Thursday, October 4, 2012

"Police intelligence" in Canada's wild west

"Whatcha got growin' in your garden, there, pardner?" That's what the cops on the Alberta Law Enforcement Response Team ("ALERT" -- geddit?) asked Ryan Thomas Rockman back in July, before digging up more than 1,600 plants, shown in this picture taken by CP's Ian Martens at a press conference called by the cops to announce the detection and destruction of a huge marijuana grow-up, namely Rockman's garden. [Was it by any chance a rock garden?

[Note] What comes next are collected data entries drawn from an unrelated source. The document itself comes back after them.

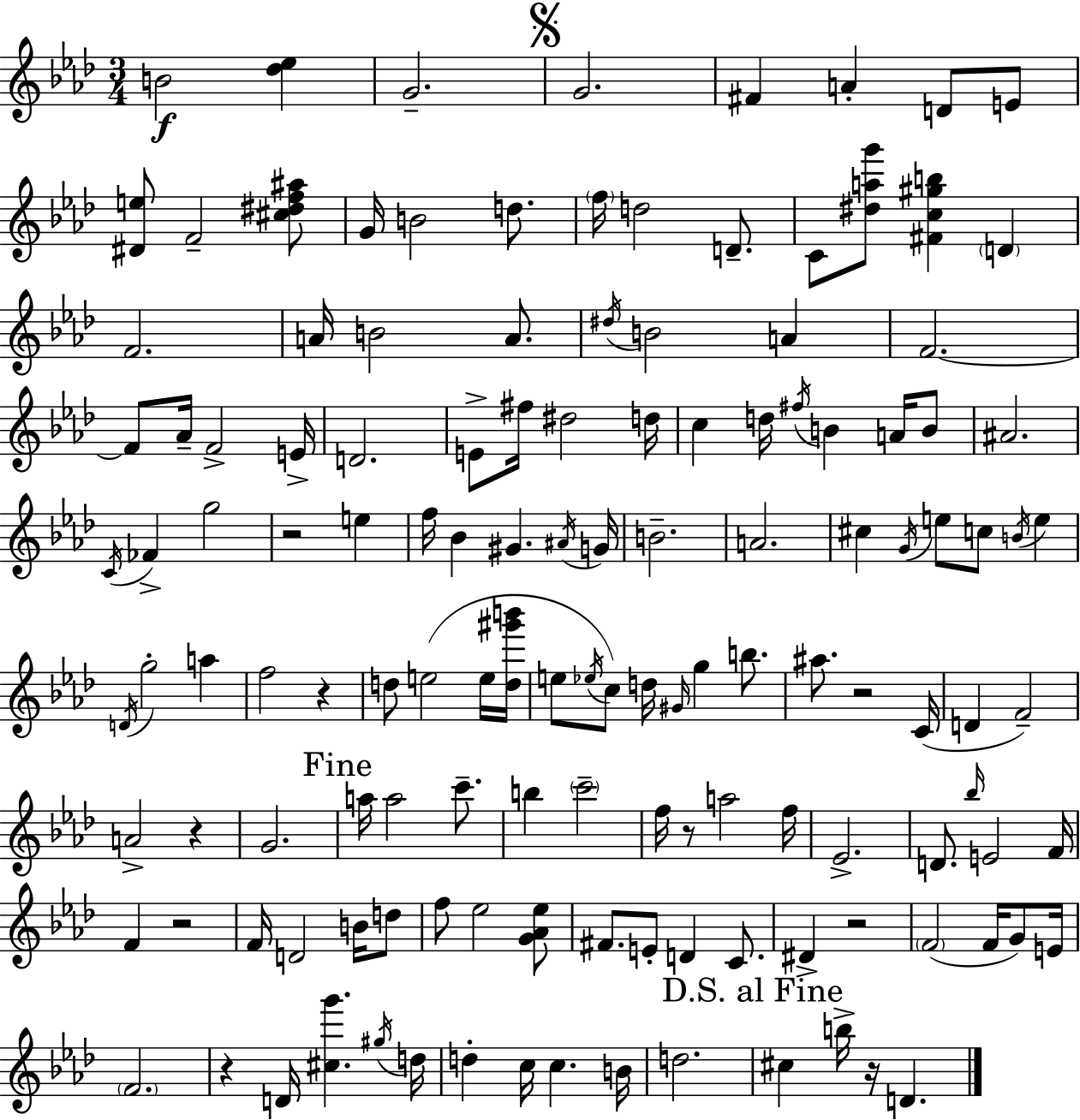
{
  \clef treble
  \numericTimeSignature
  \time 3/4
  \key f \minor
  b'2\f <des'' ees''>4 | g'2.-- | \mark \markup { \musicglyph "scripts.segno" } g'2. | fis'4 a'4-. d'8 e'8 | \break <dis' e''>8 f'2-- <cis'' dis'' f'' ais''>8 | g'16 b'2 d''8. | \parenthesize f''16 d''2 d'8.-- | c'8 <dis'' a'' g'''>8 <fis' c'' gis'' b''>4 \parenthesize d'4 | \break f'2. | a'16 b'2 a'8. | \acciaccatura { dis''16 } b'2 a'4 | f'2.~~ | \break f'8 aes'16-- f'2-> | e'16-> d'2. | e'8-> fis''16 dis''2 | d''16 c''4 d''16 \acciaccatura { fis''16 } b'4 a'16 | \break b'8 ais'2. | \acciaccatura { c'16 } fes'4-> g''2 | r2 e''4 | f''16 bes'4 gis'4. | \break \acciaccatura { ais'16 } g'16 b'2.-- | a'2. | cis''4 \acciaccatura { g'16 } e''8 c''8 | \acciaccatura { b'16 } e''4 \acciaccatura { d'16 } g''2-. | \break a''4 f''2 | r4 d''8 e''2( | e''16 <d'' gis''' b'''>16 e''8 \acciaccatura { ees''16 }) c''8 | d''16 \grace { gis'16 } g''4 b''8. ais''8. | \break r2 c'16( d'4 | f'2--) a'2-> | r4 g'2. | \mark "Fine" a''16 a''2 | \break c'''8.-- b''4 | \parenthesize c'''2-- f''16 r8 | a''2 f''16 ees'2.-> | d'8. | \break \grace { bes''16 } e'2 f'16 f'4 | r2 f'16 d'2 | b'16 d''8 f''8 | ees''2 <g' aes' ees''>8 fis'8. | \break e'8-. d'4 c'8. dis'4-> | r2 \parenthesize f'2( | f'16 g'8) e'16 \parenthesize f'2. | r4 | \break d'16 <cis'' g'''>4. \acciaccatura { gis''16 } d''16 d''4-. | c''16 c''4. b'16 d''2. | \mark "D.S. al Fine" cis''4 | b''16-> r16 d'4. \bar "|."
}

Ed.]

The Rock Man would be facing serious charges when he goes to court tomorrow except for a small weakness in the Crown's case, namely that the plants are not maryjane after all, but Montauk daisies, a fall-blooming perennial that the accused has been growing for ten years.

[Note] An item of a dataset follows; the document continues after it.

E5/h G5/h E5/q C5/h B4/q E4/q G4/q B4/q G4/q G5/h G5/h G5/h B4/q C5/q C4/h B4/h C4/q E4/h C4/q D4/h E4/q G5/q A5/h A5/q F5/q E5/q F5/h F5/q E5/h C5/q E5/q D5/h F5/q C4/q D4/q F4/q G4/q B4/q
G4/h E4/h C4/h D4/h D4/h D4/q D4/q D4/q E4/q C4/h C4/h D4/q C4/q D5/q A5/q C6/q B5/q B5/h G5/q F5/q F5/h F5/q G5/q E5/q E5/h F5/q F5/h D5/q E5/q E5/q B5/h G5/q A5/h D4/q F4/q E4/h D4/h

The red-faced ALERT have dropped the charge of producing a controlled substance, but are pushing on with a potful of other charges, because, as we all know, if the police arrest someone, he must be guilty of something!

Rockman told the Lethbridge Herald, "It made me look like a villain and it made them look silly.... It baffles me, to be honest. At the same time, I don’t want to try to point the finger of blame at them either because they’re still just trying to do their mandate and make it home every day."
How Canadian is that?! An American would have sued the bastards, right sharpish.

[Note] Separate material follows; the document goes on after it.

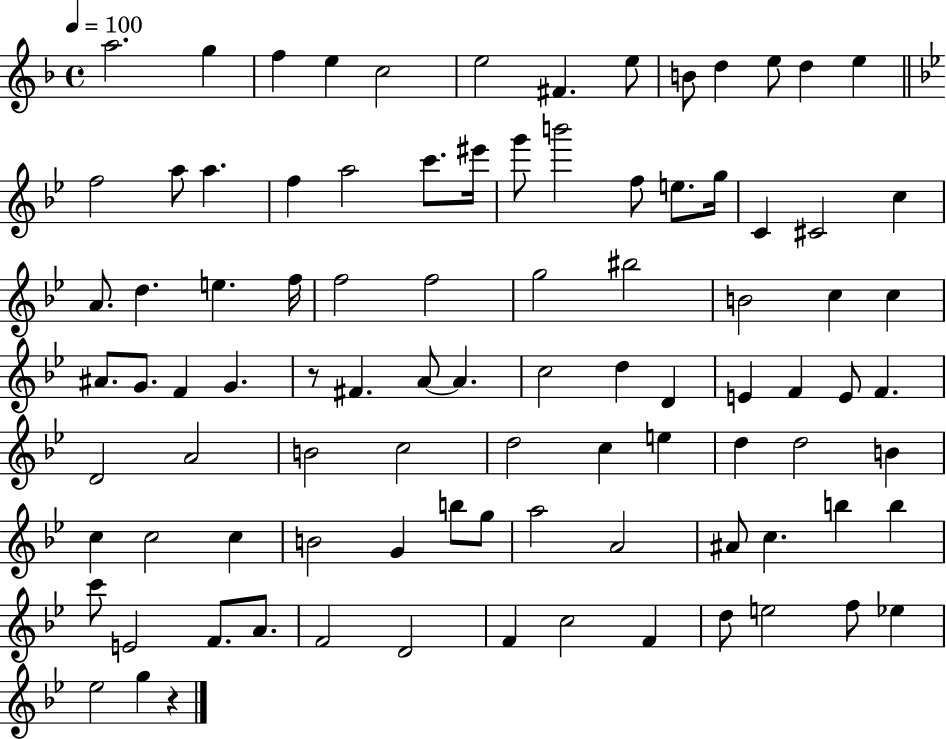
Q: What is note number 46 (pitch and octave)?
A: A4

Insp. Dan Konowalchuk [How Albertan is that? Ed.], head of the combined forces special regional enforcement units, defended the officers’ actions when interviewed by the Toronto Star.
"I don’t think there is anything at this point for the guys to apologize for. They acted on what they believed to be the best information they had at the time.... We don’t know for sure they’re daisies," he said, even though test results, which came back this week, clearly prove the seized plants weren’t marijuana.

The plants were only about half as high as one would expect, and of course they were in Rockman's garden, not a clearing in a cornfield. But, Konowalchuk said, it might have been some "sub-strain" of marijuana, perhaps a dwarf variety. "There are some similarities to the (marijuana) plant when you look directly at the plant," he told the Star. "But are they identical? No, they’re not. (Even so) the guys thought they we dealing with a large grow operation and they responded accordingly."

Walt's question of the day: What are the chances of Mr. Rockman being found not guilty of anything at all in the courts of Canada's redneckiest province? Answer: The accused has two chances -- slim and none. Start building the scaffold.